MIndestlohn für Auszubildende: Zerstört die Bundesregierung den Ausbildungsmarkt?
Der Mindestlohn ist ein zweischneidiges Schwert. Er hat für diejenigen in Beschäftigung ein höheres Einkommen zur Folge, führt aber dazu, dass weniger in Beschäftigung kommen oder sind. Dennoch hat ihn die Bundesregierung einmal mehr eingesetzt, um sich als Regierung, die etwas für Auszubildende, also für kleine Leute tut, zu inszenieren:
Kaum etwas ist so gut untersucht, wie die negativen Folgen eines Mindestlohns, eigentlich sind das leicht einsichtige Folgen. Wenn ein Unternehmen einen Lohn-Etat von 60.000 Euro für 100 Auszubildende pro Jahr hat und der Ausbildungspreis für dieses Unternehmen durch die Bundesregierung von 60.000 auf 64.500 Euro erhöht wird, dann wird dieses Unternehmen eben keine 100 Lehrlinge mehr ausbilden, sondern nur noch 93. Da sowieso nicht alle Lehrlinge übernommen werden, entstehen dem Unternehmen dadurch keine Kosten. Da Auszubildende für Unternehmen ein Zuschussgeschäft sind, ist die Wahrscheinlichkeit, dass Unternehmen aufgrund der Preiserhöhung durch die Bundesregierung, weniger ausbilden, wohl so hoch, dass man fast von Sicherheit sprechen kann. Die Statistiken des Ausbildungsmarktes werden das nachdem dieses Gesetz in Kraft getreten ist, zeigen.
Die Gründe für den Abbruch einer Ausbildung sind so vielfältig, dass die Behauptung, man wolle mit einem Azubi-Mindestlohn die Abbruchhäufigkeit reduzieren, fast schon als rührend uninformiert zu bezeichnen ist.
Die folgende Abbildung stammt aus einer der unzähligen Arbeiten, die sich mit den Gründen befassen, warum Azubis ihre Ausbildung abbrechen. Sie stammt aus einem Beitrag von Stefan Böhme, Anja Rossen und Doris Baumann in der Reihe IAB-Regional, also einem Beitrag, den Mitarbeiter des Instituts für Arbeitsmarkt und Berufsforschung erstellt haben. Das IAB ist “die Forschungsagentur der Bundesagentur für Arbeit”, also ein Bundesamt, so dass die entsprechenden Ergebnisse der Bundesregierung eigentlich bekannt sein müssten. Man fragt sich vor diesem Hintergrund, ob der Hang, sich als “Azubi-Freund” zu inszenieren, zu groß war oder die gesammelte Unkenntnis der Bundesregierung sich auch auf Ergebnisse der eigenen Ämter erstreckt.

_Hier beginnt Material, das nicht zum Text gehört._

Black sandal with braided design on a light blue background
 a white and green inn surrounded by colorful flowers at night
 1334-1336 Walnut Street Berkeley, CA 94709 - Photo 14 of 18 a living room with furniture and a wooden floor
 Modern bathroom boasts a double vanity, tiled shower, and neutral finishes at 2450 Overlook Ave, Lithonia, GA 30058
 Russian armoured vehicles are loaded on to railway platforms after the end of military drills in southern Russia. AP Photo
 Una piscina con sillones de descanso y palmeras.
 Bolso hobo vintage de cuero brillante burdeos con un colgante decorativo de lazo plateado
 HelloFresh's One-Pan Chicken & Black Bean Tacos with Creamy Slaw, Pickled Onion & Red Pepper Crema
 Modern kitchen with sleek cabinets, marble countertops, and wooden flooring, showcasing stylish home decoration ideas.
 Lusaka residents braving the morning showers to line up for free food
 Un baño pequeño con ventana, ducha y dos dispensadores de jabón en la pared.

Richtig: Das Azubi-Gehalt kommt als Grund für den Abbruch einer Ausbildung überhaupt nicht vor. Im Gegensatz zu Politikern denken Azubis also nicht in erster, zweiter und dritter Linie an Geld, was sich in den drei Hauptgründen für die Auflösung eines Ausbildungsvertrags niederschlägt, die die drei Autoren wie folgt kommentieren:
“Abbildung 12 verdeutlicht die Gründe für eine (befürchtete) vorzeitige Beendigung des Ausbildungsverhältnisses aus der Sicht der Auszubildenden. Diese Befragungsergebnisse stimmen im Wesentlichen mit den Ergebnissen der bisherigen Forschung überein, z. B. mit den Grundaussagen der letzten deutschlandweit repräsentativen Befragung im Jahr 2002 (Schöngen 2003). Im Mittelpunkt stehen drei zentrale Gründe, die immer wieder als ausschlaggebend für eine vorzeitige Vertragslösung aus Sicht der Jugendlichen genannt werden: Kommunikationsprobleme und Betriebsklima, ausbildungsfremde Beschäftigung statt Ausbildung und Ausbildungsqualität, die die Auszubildenden eher unterfordert (Piening u. a. 2012: 48 f.).
Nicht nur hat ein Mindeslohn keinen Effekt auf die Wahrscheinlichkeit, einen Ausbildungsvertrag zu lösen, er wirkt sich negativ auf Erwartungen aus, wie man beim DIW herausgefunden hat. Mit dem Mindestlohn steigen die Lohnerwartungen, was wiederum die Bereitschaft, überhaupt eine Lehre anzutreten, negativ beeinflussen dürfte.
Kurz: Alles wie immer.
Politiker inszenieren sich, die Kosten trägt die Gesellschaft.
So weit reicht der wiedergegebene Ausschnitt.